DB Bistro

My favorite venue in New York City for casual, but superb dining is Daniel Boulud’s DB Bistro. His chef (from Alsace), the young, but very talented Olivier Muller, only served one dish that appears to have been influenced by the cuisine of his native region, the exquisite tart flambée. Think of this as an Alsatian version of a classic pizza, with cheese and big shards of crispy bacon on an amazingly light crust that melts in your mouth. Muller followed that with a piece of sea bass en croute, a delicious Provençal-inspired dish. I was less impressed with the breast of Magrey duck, which was somewhat chewy and tough. However, the DB burger remains one of the great tried and true American classics – the hamburger – combined with brilliant French savoir faire. A burger stuffed with short ribs and foie gras served on a homemade brioche bun, it represents decadence on a bun. It is well-worth its $32 price.

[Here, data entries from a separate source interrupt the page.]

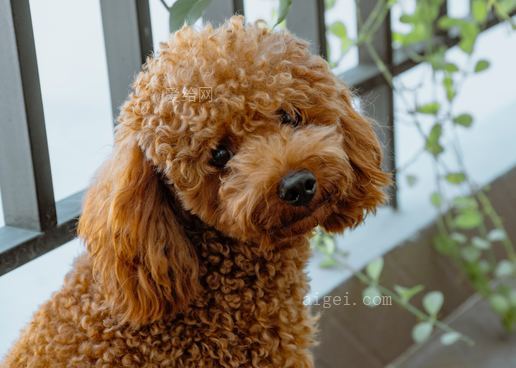 籬笆邊捲曲的棕色長毛狗(curly long-coated brown dog at the fence)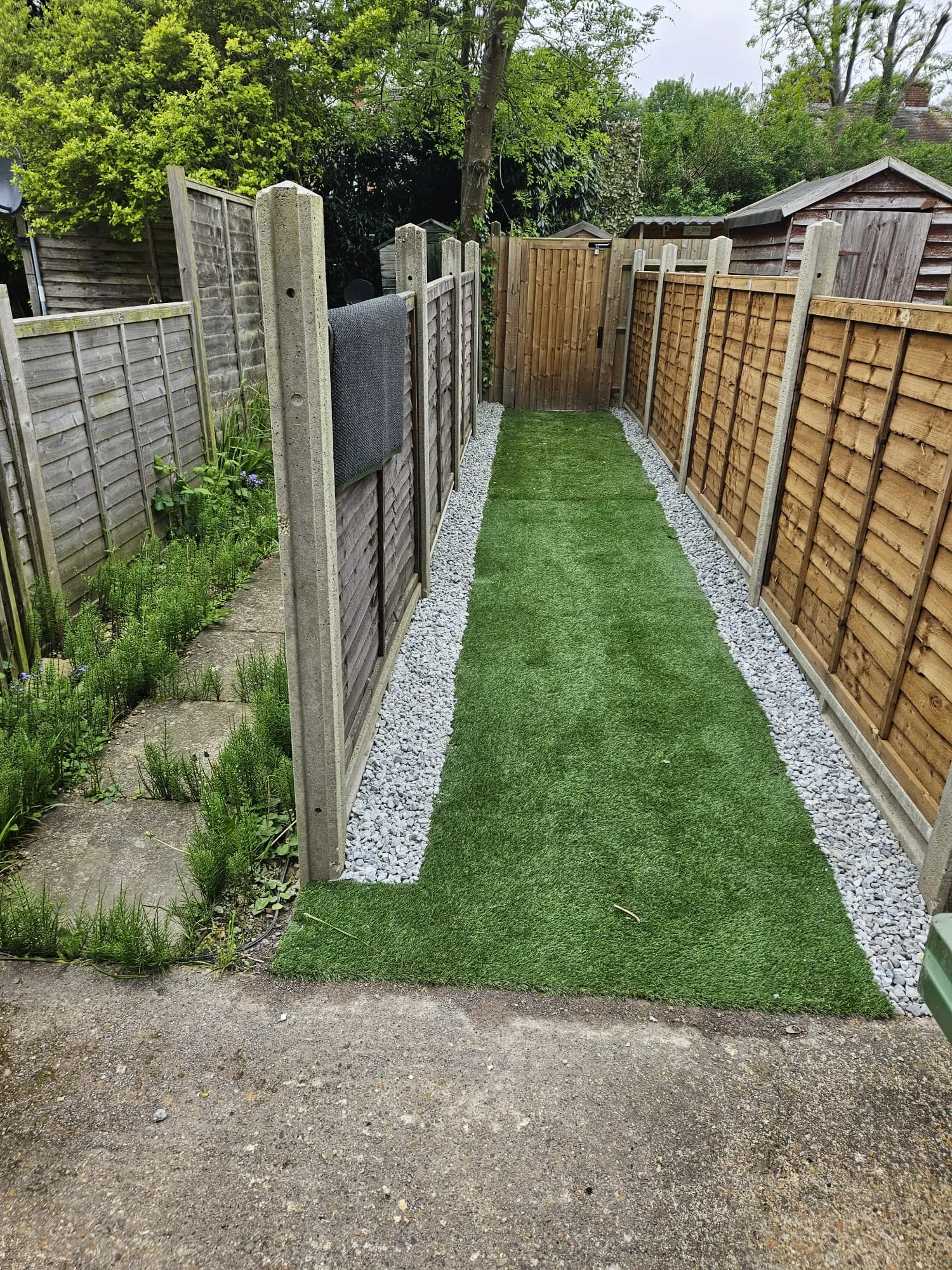 Small Garden with wooden fence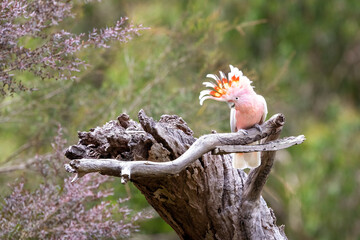 Major Mitchell cockatoo, otherwise known as the Leadbeater or pink cockatoo, perched on a dead tree. This species is threatened in the wild. Victoria, Australia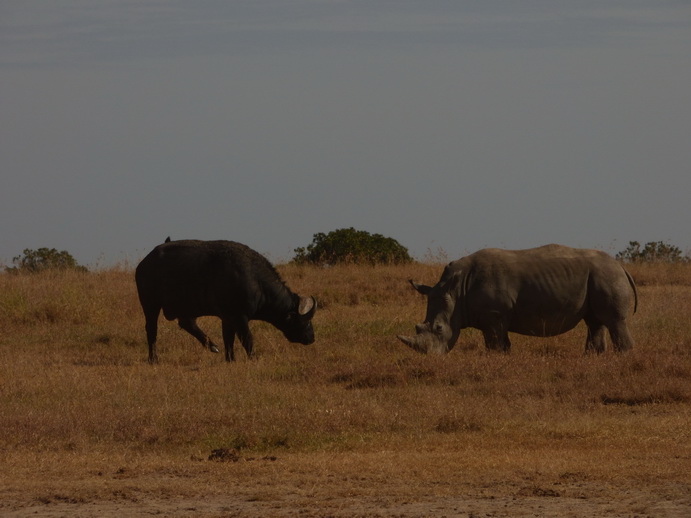 Sweetwaters  Kenia  National Park Hotel Sweetwaters Serena Camp, Mount Kenya National Park:nyati -Kifaru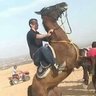 Фото профиля 🇪🇬🇪🇬Amir Yehia🇪🇬🇪🇬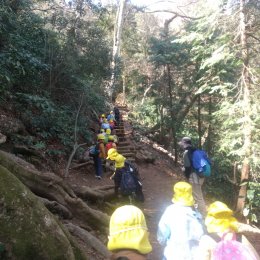 高尾山を登っていく子どもたち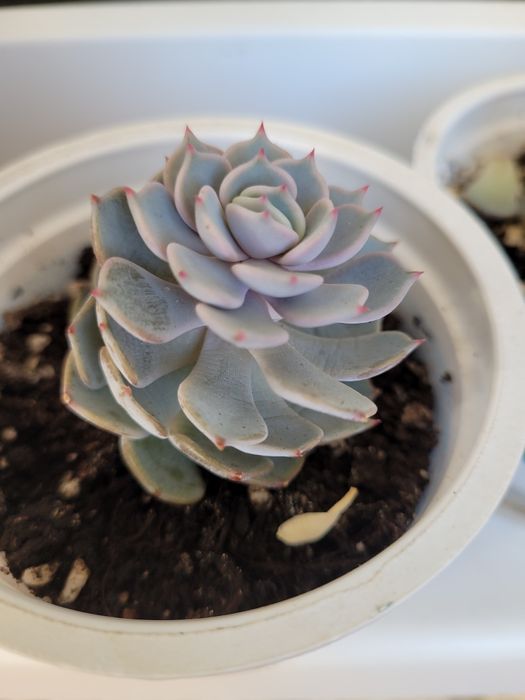 С у к к у л е н т ы.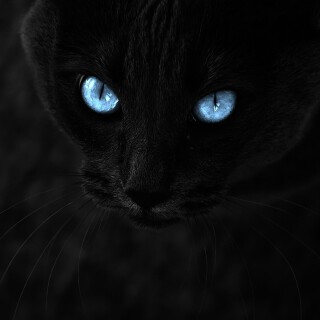 cats1_0118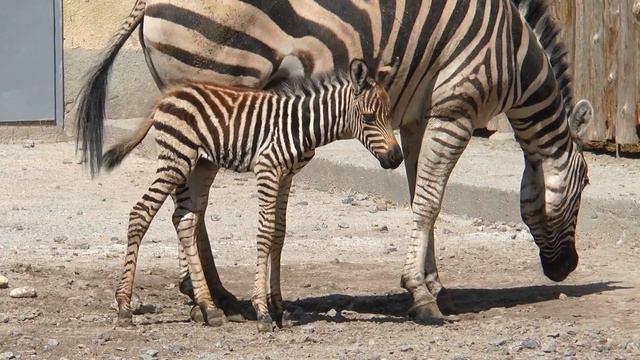 Малыш зебры родившийся в Одесском зоопарке смотреть онлайн
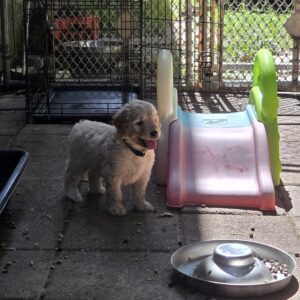 goldendoodle pups at 5 weeks old in Houston, TX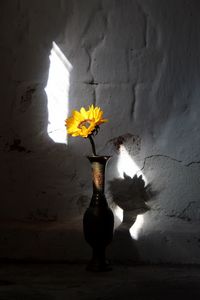 Preview wallpaper sunflower, flower, vase, rays, wall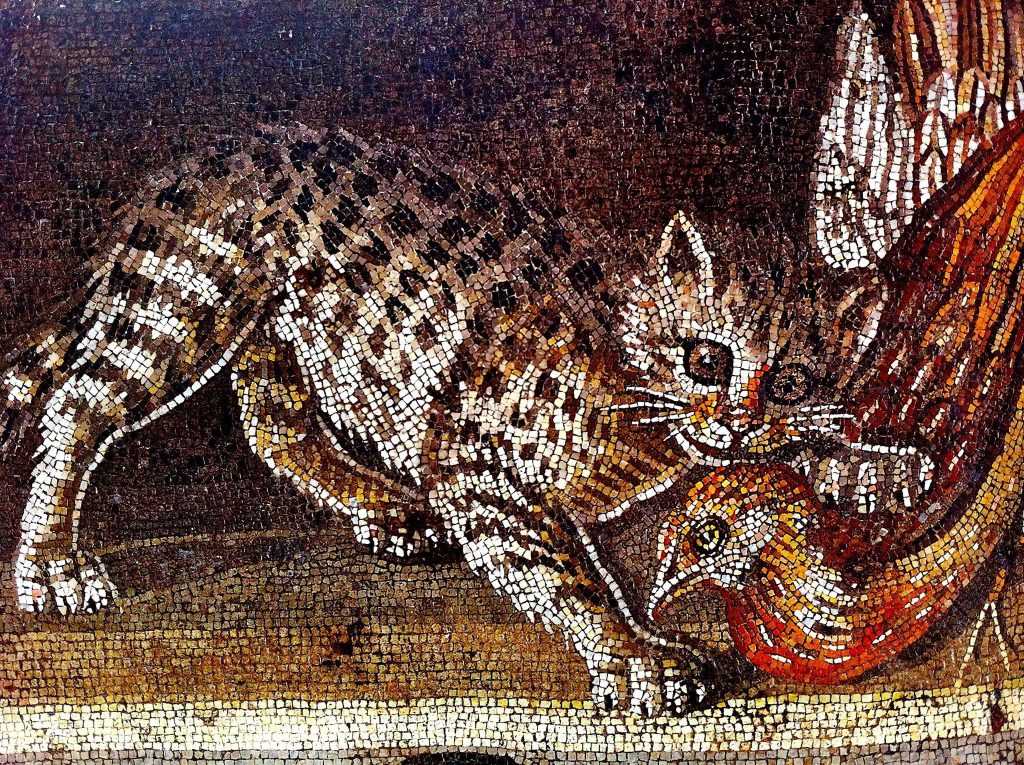 фреска на которой кошка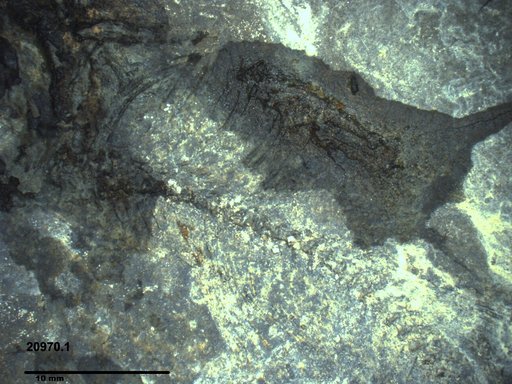 Genus sp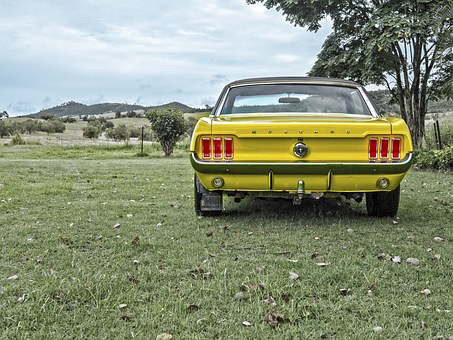 mustang-1184505__340.jpg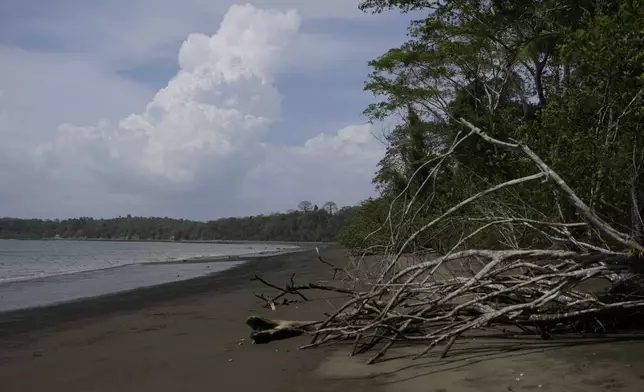 A view of the beach shore in Punta Patino, Panama, Saturday, April 5, 2025. (AP Photo/Matias Delacroix)
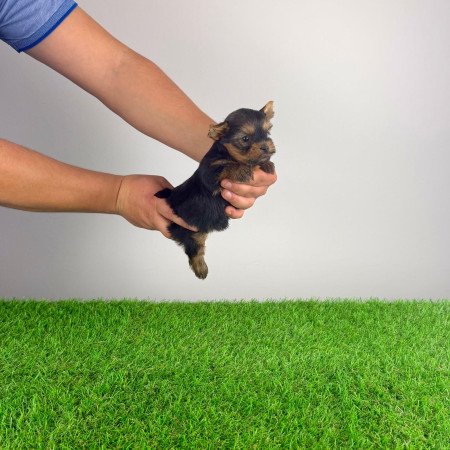 Törzskönyves Yorkshire terrier Yorki kiskutya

The sommelier suggested that Louis Jadot’s 1989 Corton Charlegmane be decanted. Although I was reluctant to do that, one taste proved that she was clearly correct. The wine needed plenty of air, and throughout the course of our two hour lunch, it got better and better. It remains an impressively young, full-bodied, honeyed, rich, layered, complex wine. This is the kind of white Burgundy we all long to see made again. It was difficult for the 1990 Latour to compete with the extraordinary fragrance of the 1990 La Mission Haut Brion, whose bouquet represents a classic poster child for the northern Graves. Aromas of scorched earth, tar, smoke, camphor, blueberries, black currants, cedar, and smoke soar from the glass of this exquisite wine. While fully mature, it is capable of holding for another decade. Full-bodied and silky, it was the winner in terms of current accessibility and complexity compared to the more monolithic, dense, linear, deep purple-hued 1990 Latour. Although that wine is loaded, I am convinced it is nowhere near the quality of the 1982, may not be as good as the 1996, and falls well behind such vintages as 2000, 2003, and probably 2005 and 2008 as well. Don’t get me wrong. The 1990 is a beautiful wine, but it lacks Latour’s awesome richness and delineation. Nevertheless, it offers terrific ripeness, power, and density. It will benefit from another 5-8 years of bottle age.